The Call.

Friday 29, 30 June and 1, 6, 7, 8, 13, 14, 15 July

Friday and Saturday at 8 pm, Sundays at 2 pm

Inspired by the story of the Muslim convert and ill-starred adventurer David Hicks, Patricia Cornelius’s bleakly funny drama pits a young man’s search for meaning against the corrosive cynicism that regards faith in anything – religion, politics, one’s country, even love – as a sign of weakness or the first step on the road to another kick in the arse.

Gary is a wayward young bloke who slaughters chooks at an abattoir. His empathy for the doomed creatures marks him as a more sensitive soul than his co-workers – who bait him mercilessly – but when he’s out with best mates Aldo and Chunk, Gary is no better or worse than any of them.

He meets Denise, a young woman with big but vague dreams. For a moment, Gary thinks he has found what he has been looking for. It’s love, but is it enough?

The birth of a child comes as a grim reality check for Sarah, but Gary’s yearning to find meaning in life – to invest in something bigger than himself – becomes more acute. Degrading jobs and the death of a friend amplify his feelings of emptiness until, after watching a group of Muslim men praying at work, everything becomes clear.

The Call doesn’t seek to explain away Hicks or make a cautionary example of him. What it does do – very effectively – is demonstrate how our society fails to create a sense of belonging. If no routes for fulfilment are apparent, we shouldn’t be surprised at what directions people take on their own.


Echonetdaily 11th July 2018

last weekend of the call at the drill hall

The Call

The Drill Hall, Mulum | Fri 13 & Sat 14 July | 8 pm and 2 pm | $22-25

Australian playwright Patricia Cornelius’s The Call is an inspired choice for Mullumbimby’s Drill Hall Theatre Company. The play is based on the youth/early adulthood of David Hicks, the Australian who was captured in Afghanistan and later released from Guantánamo Bay. Mathew Godwin stars as Jerry who, with his two mates, struggles with alienation and poor employment opportunities by taking drugs and working dangerous jobs in abattoirs.

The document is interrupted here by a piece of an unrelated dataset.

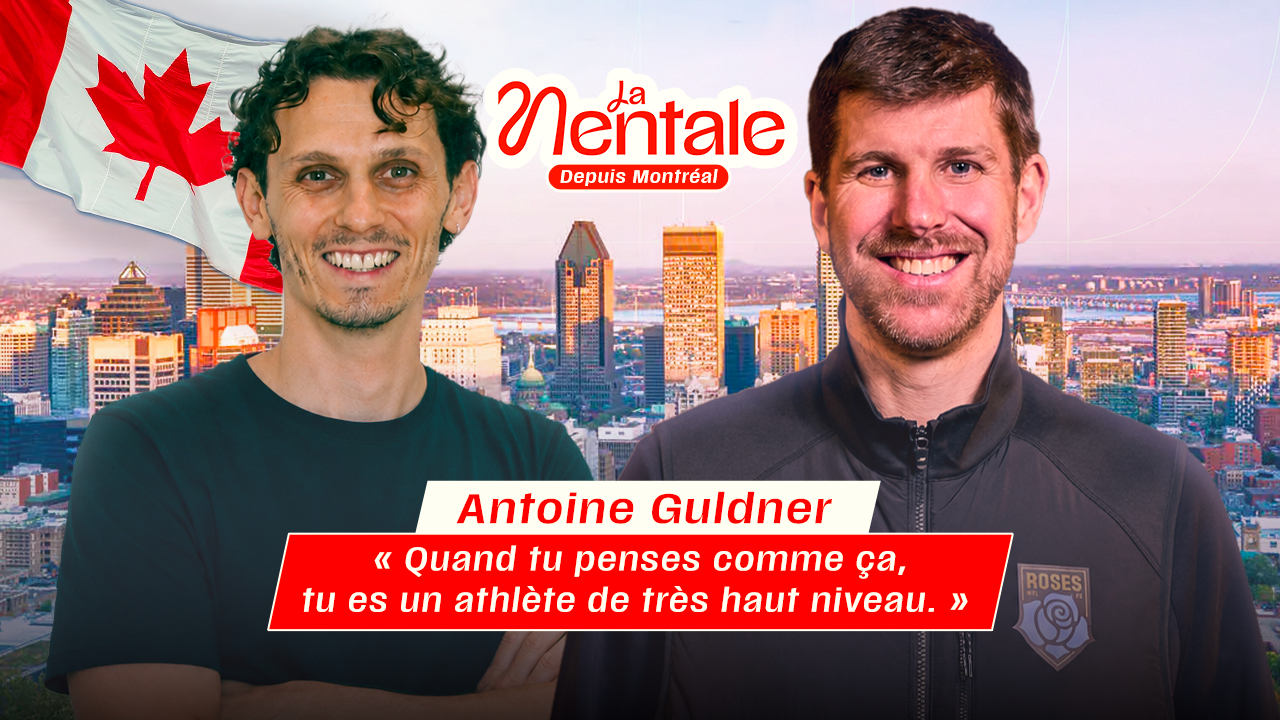 Antoine Guldner, préparateur mental des Roses de Montréal FC, en interview dans le podcast La Mentale sur la performance mentale dans le sport de haut niveau.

Jerry falls for forceful, angry Denise (played by Stevie Shumack) who desperately wants to travel overseas but ends up feeling trapped raising their children in an impoverished neighbourhood. Meanwhile, Jerry is distracted by their sexuality and thrill-seeking with his mates, the cynical Chunk (Dean Mitchell) and dreamy Aldo (Tom Davies).

The laugh-out-loud black humour picks up as anguish becomes the new norm. The Call for each of the three men differs, but for Jerry, an idealised version of Islam offers an escape. In all this Denise and the children are increasingly sidelined.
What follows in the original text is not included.